PROBLEM REQUIREMENTS:
Print exactly and only the lines that run from the one containing "Tiny cross bookmarks 타이니 십자가 책갈피" through the end of the material, please, omitting pictures.

(SUPPLIED ENTRIES begins)

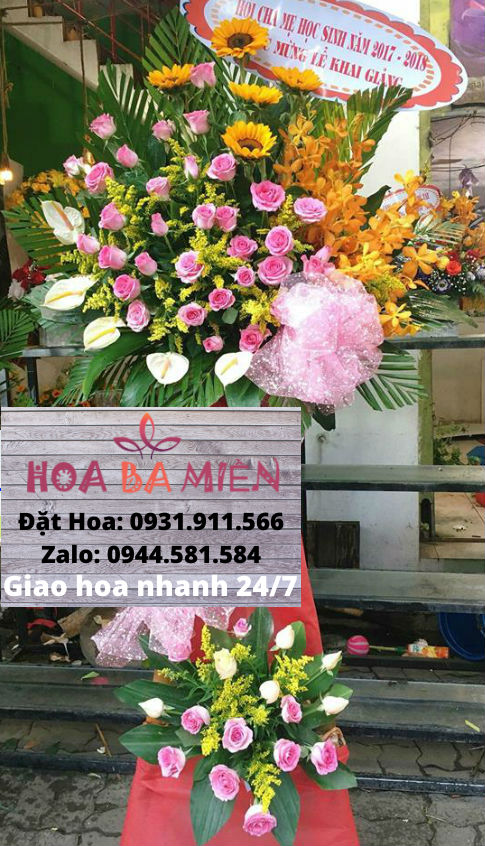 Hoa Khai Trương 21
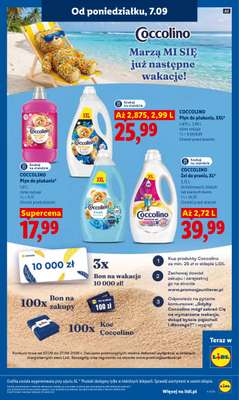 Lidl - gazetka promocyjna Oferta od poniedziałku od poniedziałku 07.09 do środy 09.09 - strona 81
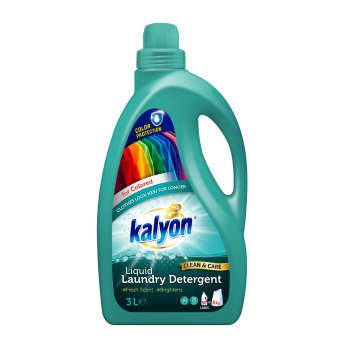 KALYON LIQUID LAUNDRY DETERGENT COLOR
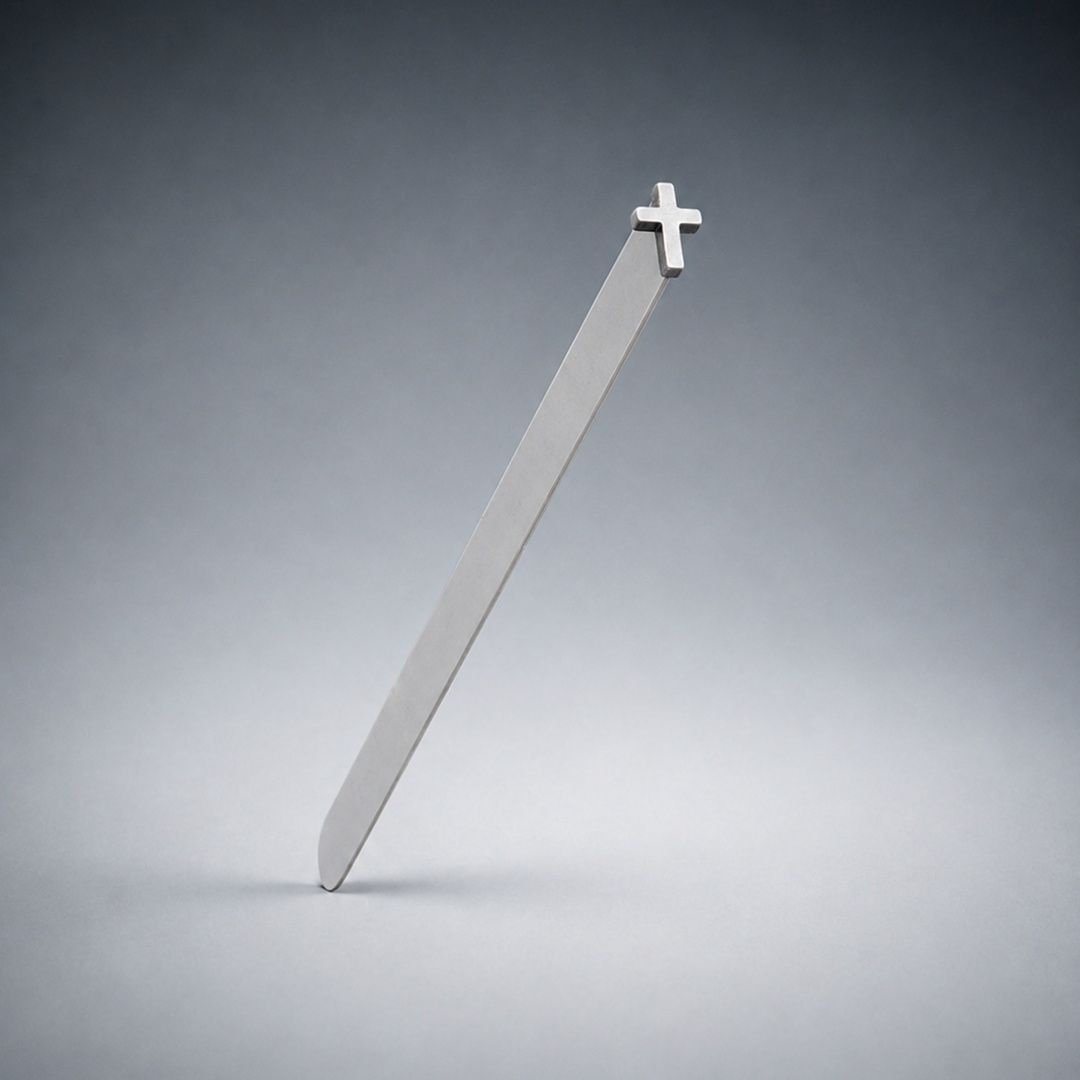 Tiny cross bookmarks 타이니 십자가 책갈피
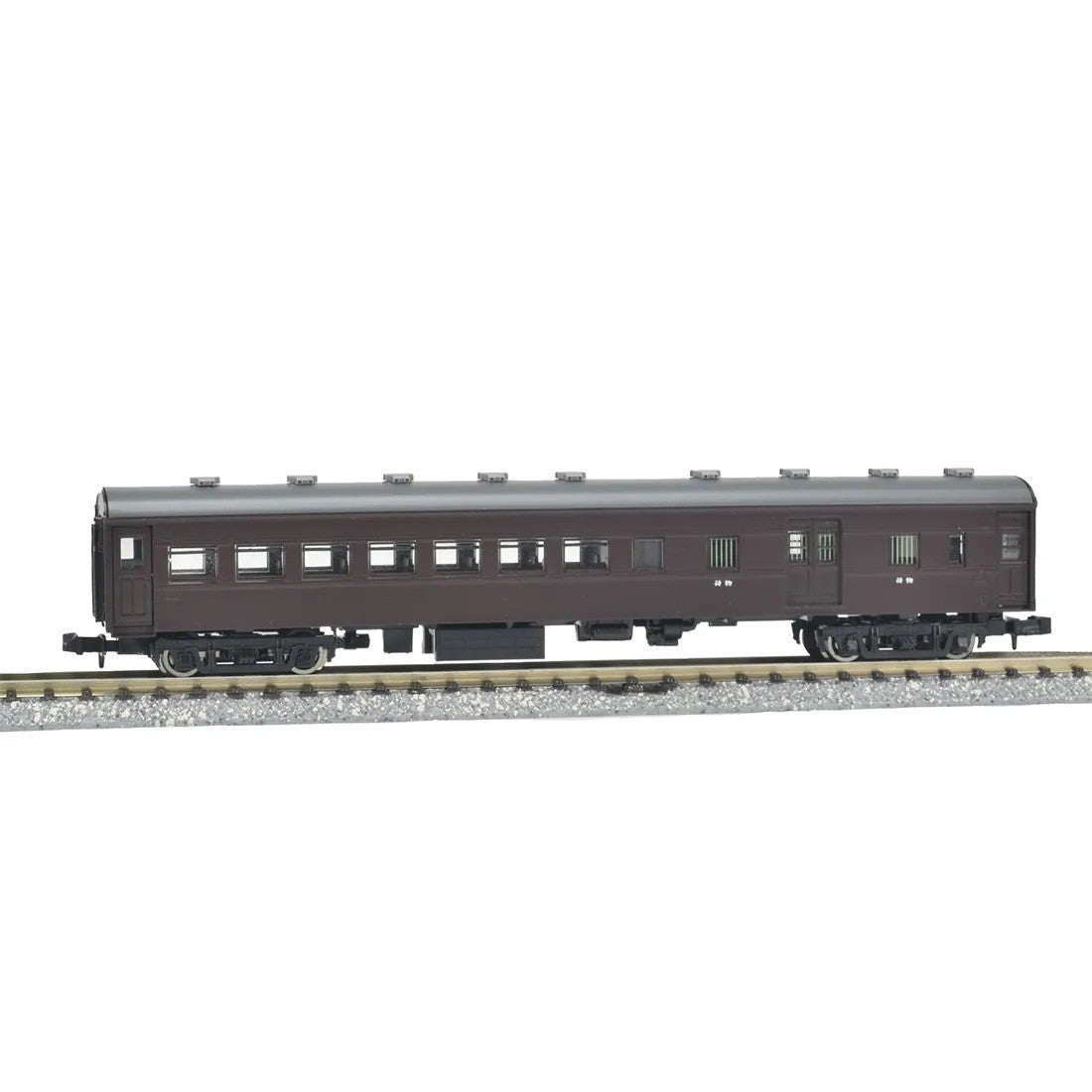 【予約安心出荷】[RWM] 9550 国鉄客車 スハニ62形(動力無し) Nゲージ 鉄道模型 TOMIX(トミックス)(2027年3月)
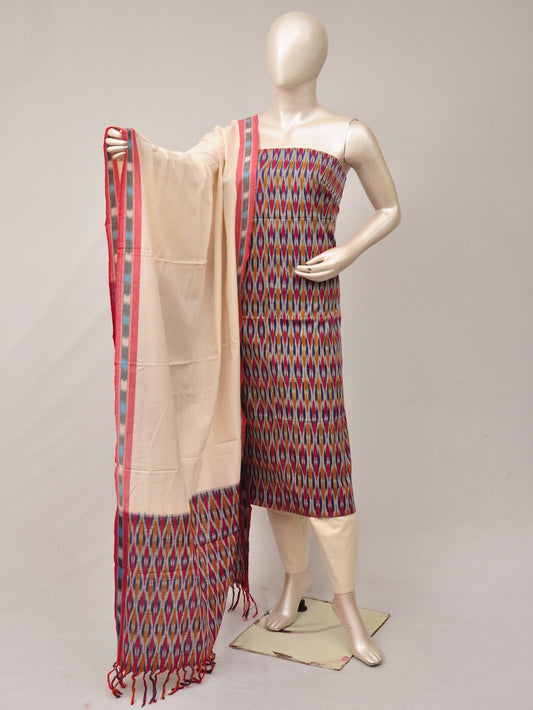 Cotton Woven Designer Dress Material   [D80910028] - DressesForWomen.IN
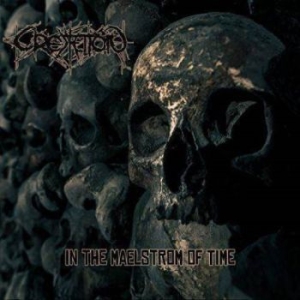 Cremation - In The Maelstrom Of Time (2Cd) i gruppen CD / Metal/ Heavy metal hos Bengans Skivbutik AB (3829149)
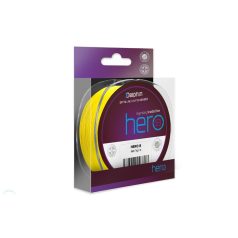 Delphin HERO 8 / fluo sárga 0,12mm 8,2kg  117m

(SUPPLIED ENTRIES ends)

ANSWER SECTION:
 Tiny cross bookmarks 타이니 십자가 책갈피
 【予約安心出荷】[RWM] 9550 国鉄客車 スハニ62形(動力無し) Nゲージ 鉄道模型 TOMIX(トミックス)(2027年3月)
 Cotton Woven Designer Dress Material   [D80910028] - DressesForWomen.IN
 Cremation - In The Maelstrom Of Time (2Cd) i gruppen CD / Metal/ Heavy metal hos Bengans Skivbutik AB (3829149)
 Delphin HERO 8 / fluo sárga 0,12mm 8,2kg  117m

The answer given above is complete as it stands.